Hello Again Everyone!!

I had long since wanted to visit this hermitage, that’s in associate with Haeinsa Temple, ever since I first visited Gaya-san National Park back in 2004. This hermitage is the first that you see as you near Haeinsa Temple. And this time, while visiting Haeinsa Temple, I took the time to visit this unique hermitage.

When you first approach Gilsangam Hermitage (길상암) from the parking lot, you’ll first notice a stone courtyard with two tall statues and a pagoda. It’s only after a second glance that you’ll actually notice the hermitage spread out over the face of the neighbouring mountainside. The first ten metre tall stone statue is Mireuk-bul (The Future Buddha). He is surrounded by a semi-circle of various Buddhas and Bodhisattvas including Gwanseeum-bosal (The Bodhisattva of Compassion). Up a small set of stairs to the right is the next ten metre tall stone Buddha. This Buddha looks to be Yaksayorae-bul (The Buddha of Medicine) as he’s holding a jar in his left hand. Again, Yaksayorae-bul is surrounded by another semi-circle of larger stone statues of various Buddhas and Bodhisattvas. And the far right side of this imposing stone courtyard is a five-tier stone pagoda. Next to this massive structure is a gentle statue of Jijang-bosal (The Bodhisattva of the Afterlife).

Left of this stone courtyard of statues and a pagoda are the brown stairs that lead up to the clinging hermitage buildings and grounds.
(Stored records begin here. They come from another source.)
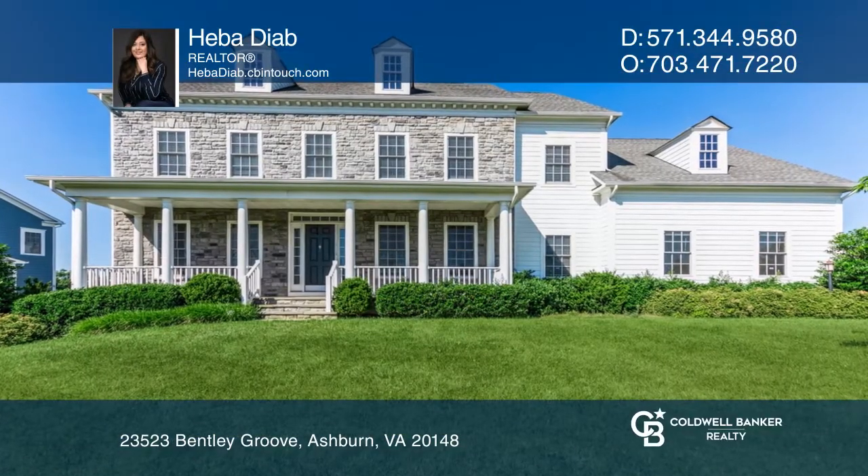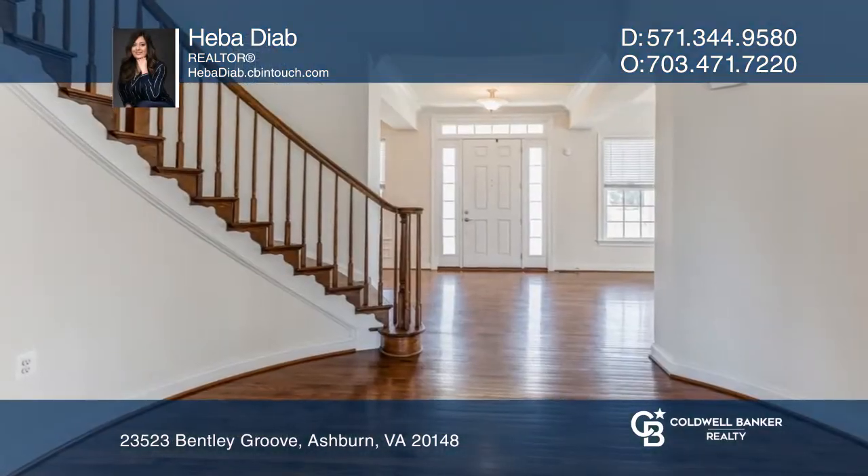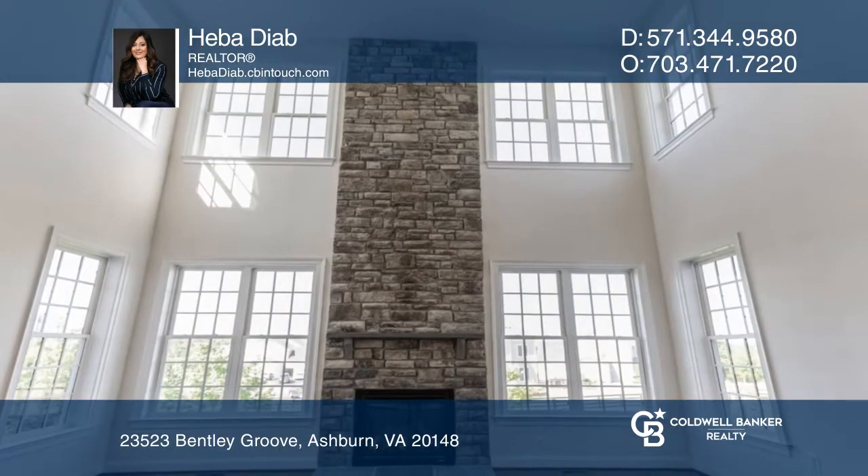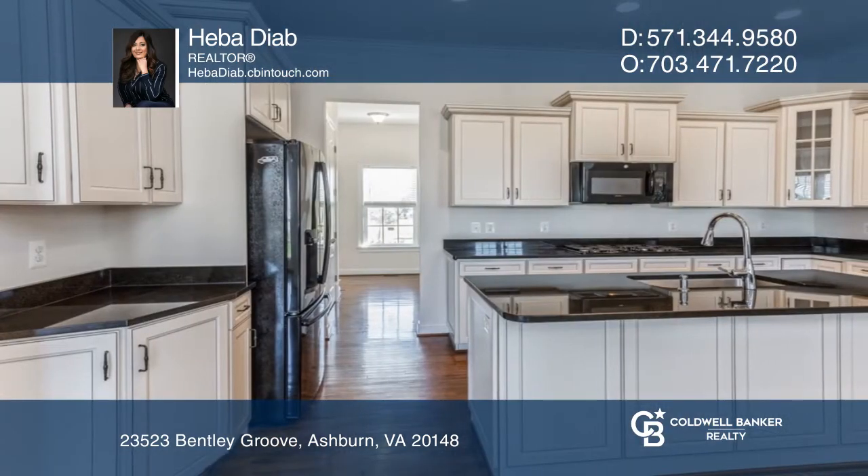This stunning home features crown molding, chair rails, and gleaming hardwood floors. Entertain in the light-filled family room with a floor-to-ceiling fireplace and tons of windows.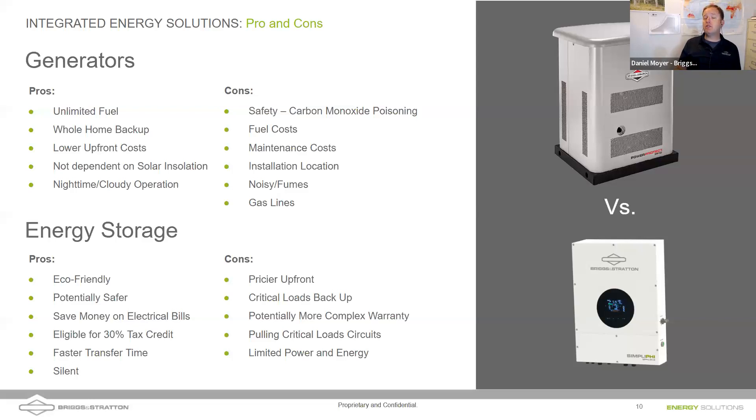One thing many people don't realize is the transfer time difference. With a generator and transfer switch, the power goes down, you hear the generator start, and then power comes back on — meaning your router has reset and all the clocks reset. With an energy storage system, there's an eight-millisecond transfer time, so it transfers so quickly you often don't even notice. A lot of times you won't notice until you look out your front door and see that neighbors' lights are out. It's also silent.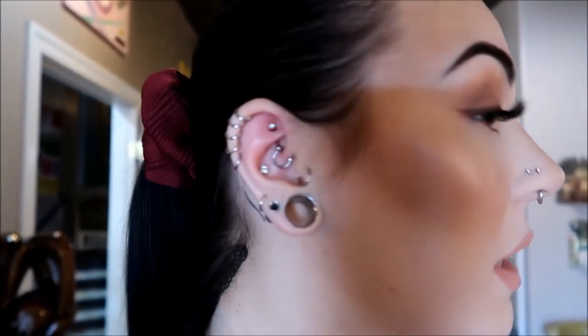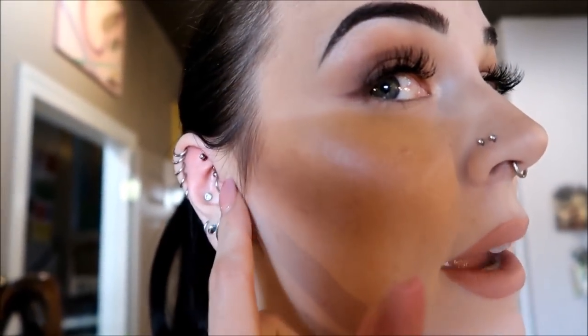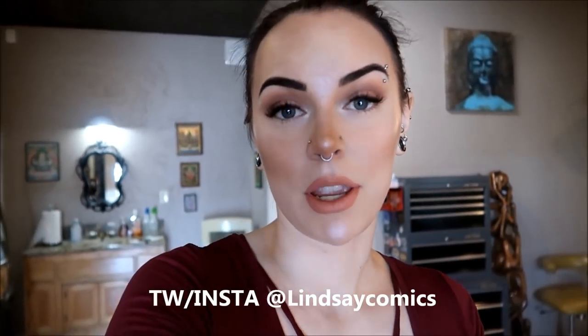What do you guys think of my new rook piercing? I think it's so cute! It is bleeding a little bit and as you can see it is hitting my daith piercing, but once I put a shorter bar in when it's healed it won't do that. Please keep in mind that pain is different for everybody, so this piercing could be either less painful or more painful for you depending on your body — everybody is so different with pain and piercings. I hope you guys enjoyed this video, do give me a thumbs up and a subscribe, and I will see you guys in my next video, bye guys!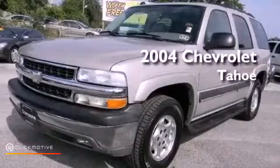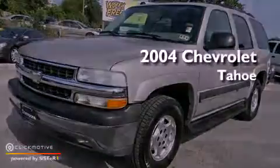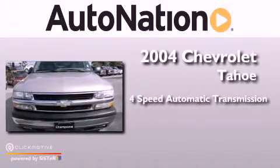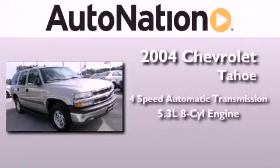This is a 2004 Chevrolet Tahoe. This SUV has a 4-speed automatic transmission and a 5.3-liter V8.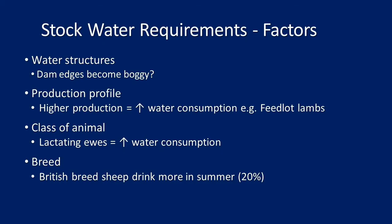Feedlot lambs will drink more than a merino ewe lamb out of the paddock over summer. If you've got crossbred lambs you're pushing along, they'll eat more and drink more. Class of animals matters — lactating ewes are producing milk, so they need more water. This has obvious implications for time of lambing: if you're lambing in July or August it's probably not an issue since feed has plenty of water in it and dams generally aren't empty. But if you're lambing in March, there are lots of implications.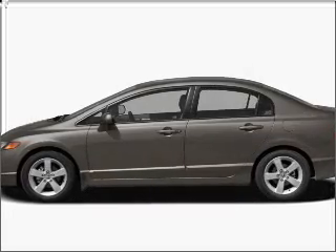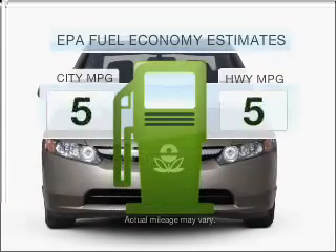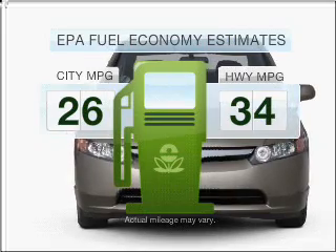Imagine yourself in this 2008 Honda Civic. Everything you need under one roof with this great vehicle. Low emissions and the good fuel economy offered in this vehicle are important to you and to the environment.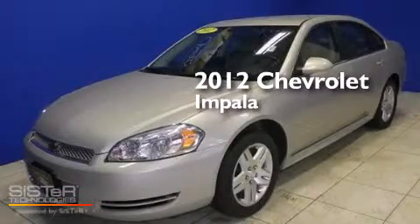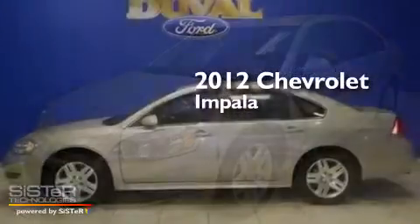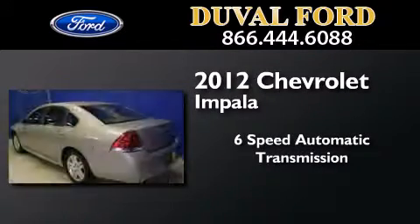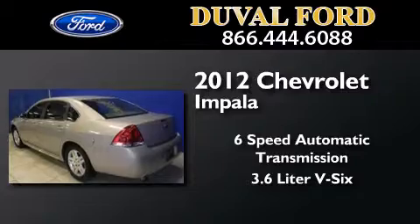This is a 2012 Chevrolet Impala. This four-door sedan has a six-speed automatic transmission and a 3.6 liter V6.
Halfway up the first set of stairs, both to the right and left, are the monks’ facilities, which include the dorms and kitchen. These are strictly off-limits. As you ascend the rest of the first set of stairs, you’ll be greeted by the hermitage’s main hall. The exterior of the hall is largely unadorned. Believing the neighbouring shrine hall on the right, perched above the main hall on the next mountain terrace, to be that of either a Samseong-gak shaman shrine hall or the San shin-gak Mountain spirit hall, I decided to hold off on entering the main hall.
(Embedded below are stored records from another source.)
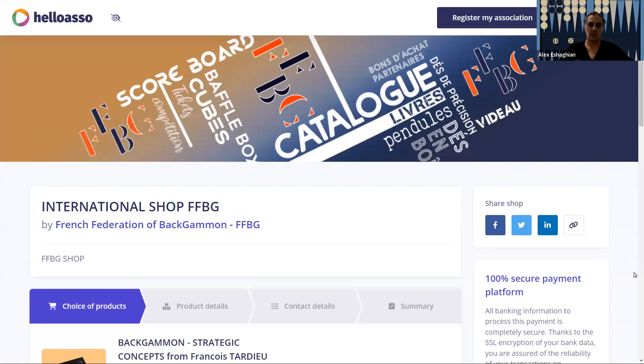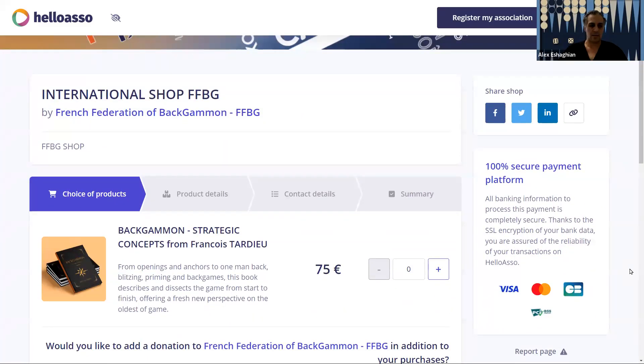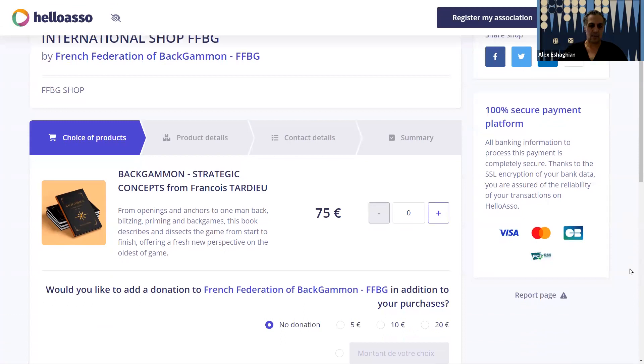If you've read the book, let me know what you think, what you like about it, if there are any opportunities for improvement, and we can all share. This is the website where you can purchase the book. Right now it's on the French Backgammon Association website, but hopefully it will be available elsewhere as well.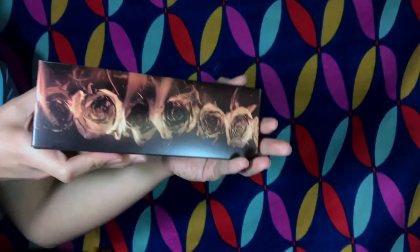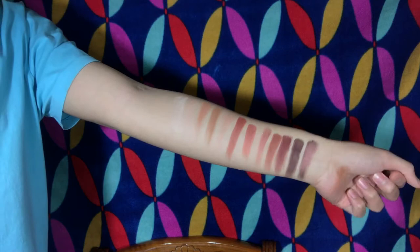This is how the palette looks like together with the packaging. I have to say, it's a really beautiful warm-toned palette, but you're only getting 12 shades for $54. And of course, it comes with a nice, beautiful blending brush.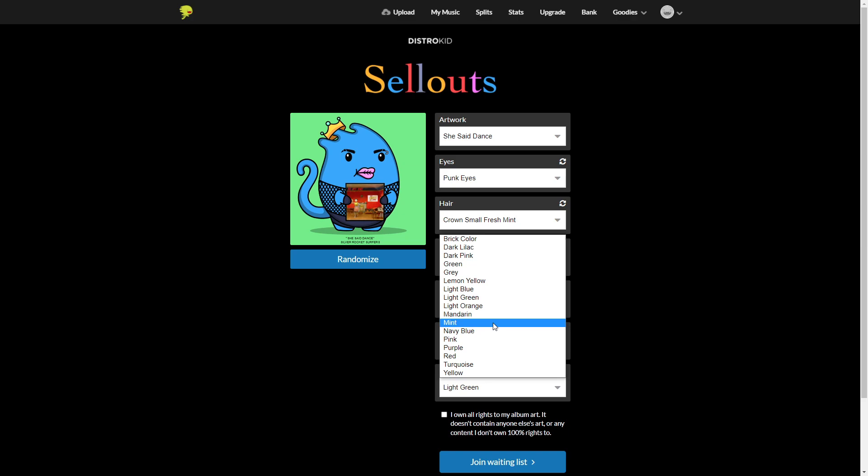If you've wondered about NFTs — how to make one and where you would sell it — this video is for you. DistroKid has made it super easy for musicians to create and sell NFTs. There are only 10,000 spots available for musicians, so you're going to want to get in on this quickly.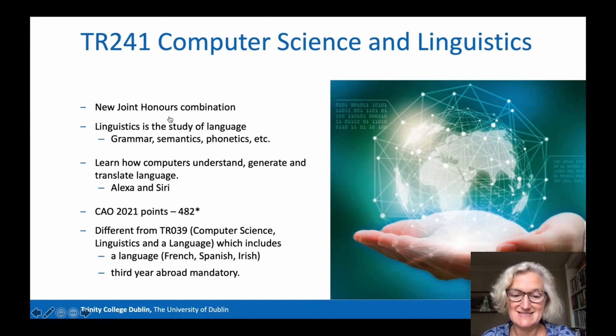TR241 is the Computer Science and Linguistics Joint Honours programme, another relatively new combination which required 482 CAO points in 2021. Linguistics is the study of language — the study of grammar, how words are put together to make language, and semantics, which studies the meaning of language, and phonetics, which studies the sound of language. This programme allows you to learn how computers understand language, how they generate language and translate language. Computational linguists are at the heart of personal assistants such as Alexa and Siri, for example.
The shrine hall perched slightly above the main hall to the right isn’t in fact a shaman shrine hall; but instead, it’s an odd little building. Again, the exterior of this hall, much like the main hall, is unadorned with any paintings; however, the interior is quite different. The triad sitting on the main altar is centred by Seokgamoni-bul (The Historical Buddha). Now, that isn’t the strange part about the hall. What is strange is that the triad is surrounded by a hall of stone statues both big and small. These statues are almost always the Nahan (The disciples of the Historical Buddha). But these stone statues certainly didn’t look like the Nahan. Instead, they simply seemed to be decorative statues. But upon closer inspection, these atypical statues that almost have Buddha-like features, were in fact the Nahan. Confusing, but true.

In front of this hall is a beautifully ornate seven-tier stone pagoda with tiny bells on each angle. And it was out in front of the this Nahan-jeon that I noticed a rock staircase to the right of the shrine hall that led further up the mountain’s face. I must have taken about five minutes just eye-balling the mountainside to see if these stairs were nothing more than a hiking trail, or in fact an extension of Gilsangam Hermitage.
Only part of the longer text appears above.